Work required
From the entries below, reproduce exactly the line containing "Bathroom Fixtures-Capital-125231BT", the line containing "Rescue Pole with 4 ft. to 16 ft.", and every line in between, with nothing added.
* * * *
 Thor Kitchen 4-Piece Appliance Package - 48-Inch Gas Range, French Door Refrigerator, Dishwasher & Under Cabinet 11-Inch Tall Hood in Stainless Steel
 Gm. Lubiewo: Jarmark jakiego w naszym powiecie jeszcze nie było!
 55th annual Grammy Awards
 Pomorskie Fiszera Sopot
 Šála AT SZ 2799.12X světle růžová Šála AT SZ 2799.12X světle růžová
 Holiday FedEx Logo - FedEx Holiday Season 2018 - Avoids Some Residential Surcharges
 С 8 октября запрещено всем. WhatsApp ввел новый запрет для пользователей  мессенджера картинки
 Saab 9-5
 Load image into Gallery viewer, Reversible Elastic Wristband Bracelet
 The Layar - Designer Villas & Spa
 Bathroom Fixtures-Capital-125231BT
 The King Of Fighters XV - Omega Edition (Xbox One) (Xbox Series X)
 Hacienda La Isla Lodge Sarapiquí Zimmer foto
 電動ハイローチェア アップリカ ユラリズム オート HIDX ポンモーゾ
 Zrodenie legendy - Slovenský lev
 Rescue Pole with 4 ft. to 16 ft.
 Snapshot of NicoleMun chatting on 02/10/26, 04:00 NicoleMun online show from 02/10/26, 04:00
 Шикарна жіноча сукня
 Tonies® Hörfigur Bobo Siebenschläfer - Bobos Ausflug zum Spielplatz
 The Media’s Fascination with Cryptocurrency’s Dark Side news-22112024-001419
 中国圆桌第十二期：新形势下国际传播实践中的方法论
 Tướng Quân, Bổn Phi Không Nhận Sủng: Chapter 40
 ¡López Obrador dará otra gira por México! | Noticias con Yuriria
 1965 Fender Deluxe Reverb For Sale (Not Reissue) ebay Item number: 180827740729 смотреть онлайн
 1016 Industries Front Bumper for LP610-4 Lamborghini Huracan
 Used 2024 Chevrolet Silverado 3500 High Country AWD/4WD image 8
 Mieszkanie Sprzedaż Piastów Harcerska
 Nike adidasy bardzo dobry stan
* * * *
Your response
 Bathroom Fixtures-Capital-125231BT
 The King Of Fighters XV - Omega Edition (Xbox One) (Xbox Series X)
 Hacienda La Isla Lodge Sarapiquí Zimmer foto
 電動ハイローチェア アップリカ ユラリズム オート HIDX ポンモーゾ
 Zrodenie legendy - Slovenský lev
 Rescue Pole with 4 ft. to 16 ft.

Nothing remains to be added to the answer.